Large-Scale Learning with Less RAM via Randomization by Daniel Golovin, D. Sculley, H. Brendan McMahan, Michael Young.
Abstract:
We reduce the memory footprint of popular large-scale online learning methods by projecting our weight vector onto a coarse discrete set using randomized rounding. Compared to standard 32-bit float encodings, this reduces RAM usage by more than 50% during training and by up to 95% when making predictions from a fixed model, with almost no loss in accuracy. We also show that randomized counting can be used to implement per-coordinate learning rates, improving model quality with little additional RAM. We prove these memory-saving methods achieve regret guarantees similar to their exact variants.
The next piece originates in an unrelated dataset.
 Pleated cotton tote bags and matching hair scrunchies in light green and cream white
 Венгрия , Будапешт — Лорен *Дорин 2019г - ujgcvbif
Empirical evaluation confirms excellent performance, dominating standard approaches across memory versus accuracy tradeoffs.
I mention this in part because topic map authoring can be assisted by the results of machine learning.
It is also a data point for the proposition that unlike their human masters, machines are too precise.
Perhaps it is the case that the vagueness of human reasoning has significant advantages over the disk grinding precision of our machines.
The question then becomes: How do we capture vagueness in a system where every point is either 0 or 1?
Not probabilistic because that can be expressed but vagueness, which I experience as something different.
Suggestions?
PS: Perhaps that is what makes artificial intelligence artificial. It is too precise. 😉
I first saw this in a tweet by Stefano Bertolo.